Don’t sing slow songs after 10pm.  No matter how good you sound, no matter how meaningful a song is to you, no matter how many people ask you to sing it. Anything slower than the Backstreet Boy’s “I Want it That Way” is strictly prohibited. Everybody thinks they’re having a great time, and then somebody turns in “Turn the Page” by Bob Seger and then everybody’s heart rate drops and they get bored.

If you don’t believe me, go do karaoke at Yosemite Sams in Memphis, and wait for the lady in charge of karaoke to sing a mournful song called “Cry Baby” by Janis Joplin. She does it once every two hours, and, literally, people quit drinking and take naps. WTF lady?

Don’t sing songs that people have never heard of. Same thing, lady in charge of Yosemite Sams.

Do make an effort to sound like the original. This means hitting the high notes, even if you sound bad.

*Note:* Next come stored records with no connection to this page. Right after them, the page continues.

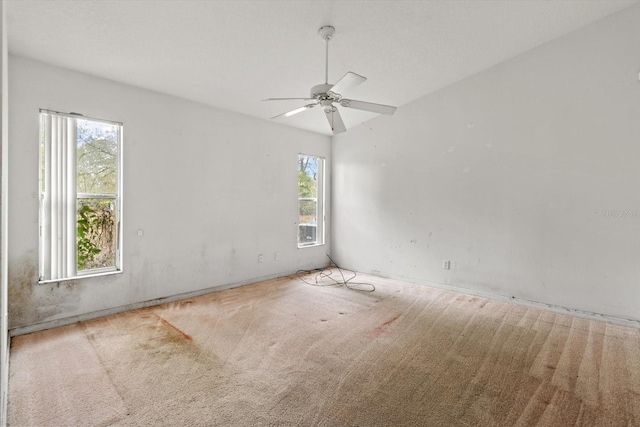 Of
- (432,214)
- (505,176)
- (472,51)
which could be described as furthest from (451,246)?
(472,51)

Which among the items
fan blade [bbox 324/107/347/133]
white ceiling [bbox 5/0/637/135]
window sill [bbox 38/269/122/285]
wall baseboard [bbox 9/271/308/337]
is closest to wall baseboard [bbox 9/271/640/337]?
wall baseboard [bbox 9/271/308/337]

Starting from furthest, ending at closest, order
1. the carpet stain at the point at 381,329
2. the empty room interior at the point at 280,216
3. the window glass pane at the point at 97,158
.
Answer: the window glass pane at the point at 97,158 → the carpet stain at the point at 381,329 → the empty room interior at the point at 280,216

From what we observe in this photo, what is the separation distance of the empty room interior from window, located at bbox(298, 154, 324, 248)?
24.5 inches

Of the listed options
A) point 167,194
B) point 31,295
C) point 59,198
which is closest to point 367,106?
point 167,194

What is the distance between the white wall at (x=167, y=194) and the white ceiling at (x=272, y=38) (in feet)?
0.95

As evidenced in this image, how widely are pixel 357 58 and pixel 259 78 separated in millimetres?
1170

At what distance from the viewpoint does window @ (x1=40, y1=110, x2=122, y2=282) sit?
10.2ft

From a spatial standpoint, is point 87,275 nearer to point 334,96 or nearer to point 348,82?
point 334,96

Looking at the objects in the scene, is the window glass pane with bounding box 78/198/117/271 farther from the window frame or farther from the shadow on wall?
the window frame

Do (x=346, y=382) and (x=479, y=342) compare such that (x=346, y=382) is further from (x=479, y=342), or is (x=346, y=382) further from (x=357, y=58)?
(x=357, y=58)

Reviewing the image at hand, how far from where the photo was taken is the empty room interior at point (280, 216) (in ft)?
7.18

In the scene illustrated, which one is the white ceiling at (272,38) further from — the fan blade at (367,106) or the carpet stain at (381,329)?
the carpet stain at (381,329)

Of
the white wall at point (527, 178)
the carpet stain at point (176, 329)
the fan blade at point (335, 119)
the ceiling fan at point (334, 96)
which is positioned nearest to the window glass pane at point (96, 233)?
the carpet stain at point (176, 329)

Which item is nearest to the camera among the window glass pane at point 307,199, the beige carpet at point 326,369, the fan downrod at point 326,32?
the beige carpet at point 326,369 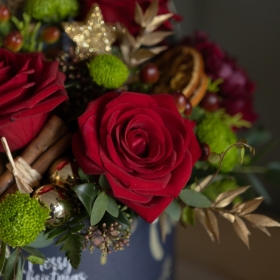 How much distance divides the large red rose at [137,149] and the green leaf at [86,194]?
2 cm

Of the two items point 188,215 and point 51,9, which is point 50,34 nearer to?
point 51,9

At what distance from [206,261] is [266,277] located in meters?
0.11

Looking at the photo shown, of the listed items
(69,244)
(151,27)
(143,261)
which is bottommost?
(143,261)

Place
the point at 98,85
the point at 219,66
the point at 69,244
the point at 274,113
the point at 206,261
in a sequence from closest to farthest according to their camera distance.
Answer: the point at 69,244 → the point at 98,85 → the point at 219,66 → the point at 206,261 → the point at 274,113

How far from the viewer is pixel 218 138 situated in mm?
509

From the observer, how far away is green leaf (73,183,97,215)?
405 millimetres

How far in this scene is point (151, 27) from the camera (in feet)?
1.80

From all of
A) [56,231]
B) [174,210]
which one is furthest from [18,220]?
[174,210]

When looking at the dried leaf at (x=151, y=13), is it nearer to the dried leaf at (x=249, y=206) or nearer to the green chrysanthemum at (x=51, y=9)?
the green chrysanthemum at (x=51, y=9)

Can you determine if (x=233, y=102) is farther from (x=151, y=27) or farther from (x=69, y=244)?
(x=69, y=244)

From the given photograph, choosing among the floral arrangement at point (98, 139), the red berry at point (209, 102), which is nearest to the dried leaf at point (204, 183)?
the floral arrangement at point (98, 139)

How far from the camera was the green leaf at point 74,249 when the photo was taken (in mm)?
394

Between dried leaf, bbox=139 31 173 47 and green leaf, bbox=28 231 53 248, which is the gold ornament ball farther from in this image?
dried leaf, bbox=139 31 173 47

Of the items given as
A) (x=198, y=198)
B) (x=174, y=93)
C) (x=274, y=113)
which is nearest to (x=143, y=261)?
(x=198, y=198) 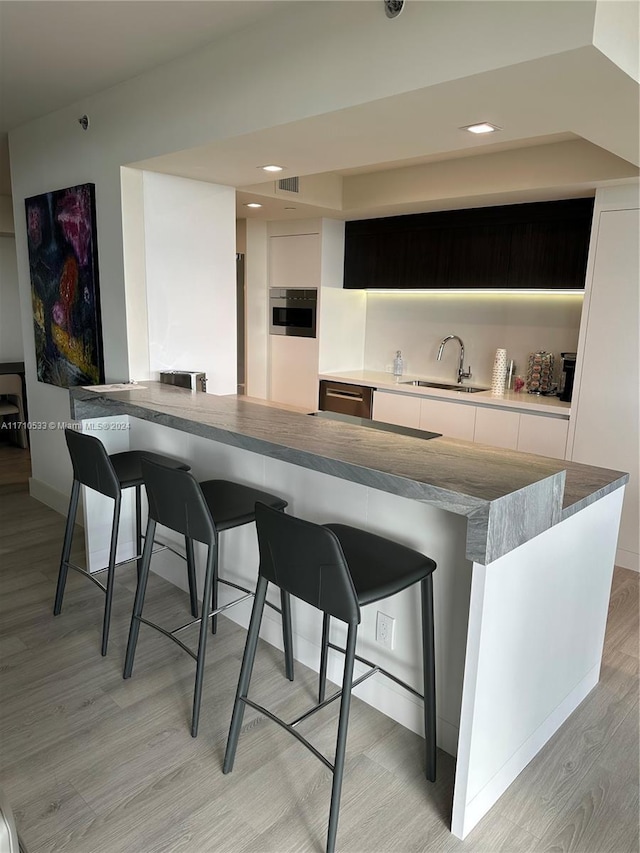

There’s a reason why Prince got rich, and you became an accountant. Tonight, though, channel Prince.

Do inject your songs with sexual innuendo. But don’t overdo it. If you’re not sure where the line is, just watch the reaction of the college-aged girls who are judging you.

Do show appreciation for a song well sung. The proper reward is either: a free drink; or you should dance for the person singing.

Do hold the microphone close to your face when you sing. It’s sort of unnatural, but it sounds better.

Stay tuned for more karaoke hits. As everybody knows, as the triathlon season winds down in October through the winter, that’s the best time of year to focus on karaoke.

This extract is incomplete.